##### COLLECTED DATA #####

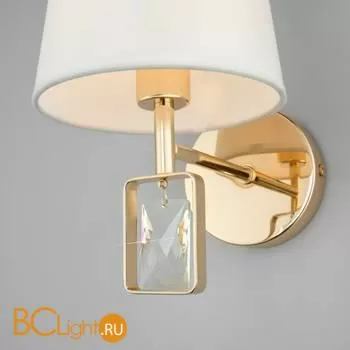 Бра Eurosvet Milazzo 60137/1 золото a060127 - Фото 1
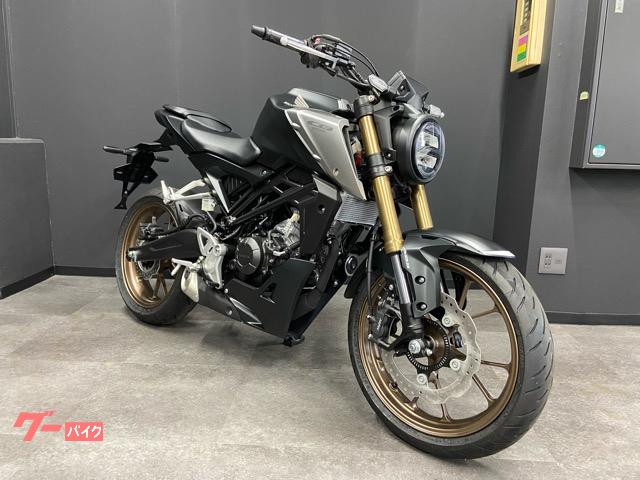 車両情報:ホンダ CB125R | （有）戸田屋モータース | 中古バイク・新車バイク探しはバイクブロス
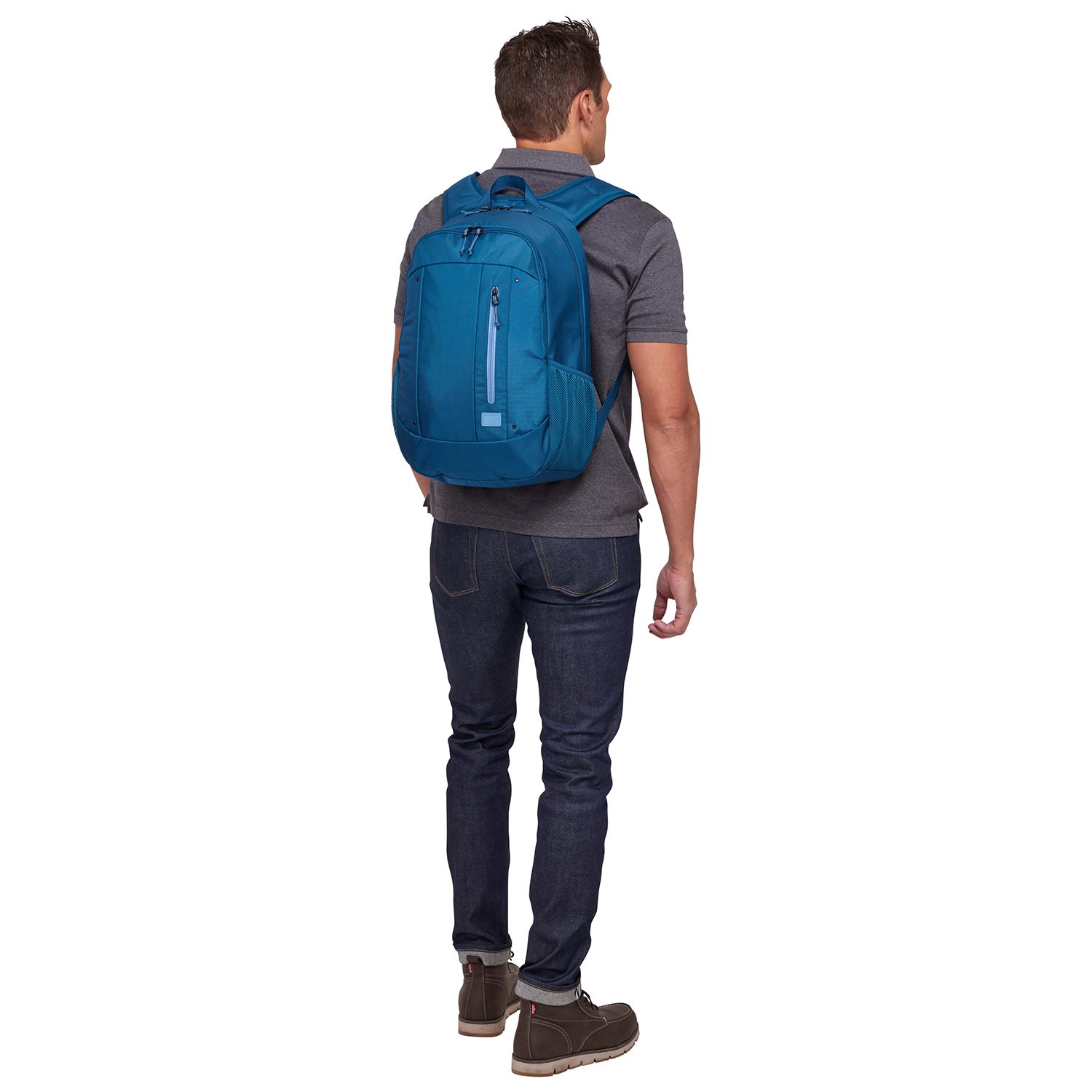Case Logic Jaunt Recycled Backpack 15.6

#####

PROBLEM DETAILS → The listing must be returned in full and exactly, apart from its pictures.

OUTPUT →
 Бра Eurosvet Milazzo 60137/1 золото a060127 - Фото 1
 車両情報:ホンダ CB125R | （有）戸田屋モータース | 中古バイク・新車バイク探しはバイクブロス
Case Logic Jaunt Recycled Backpack 15.6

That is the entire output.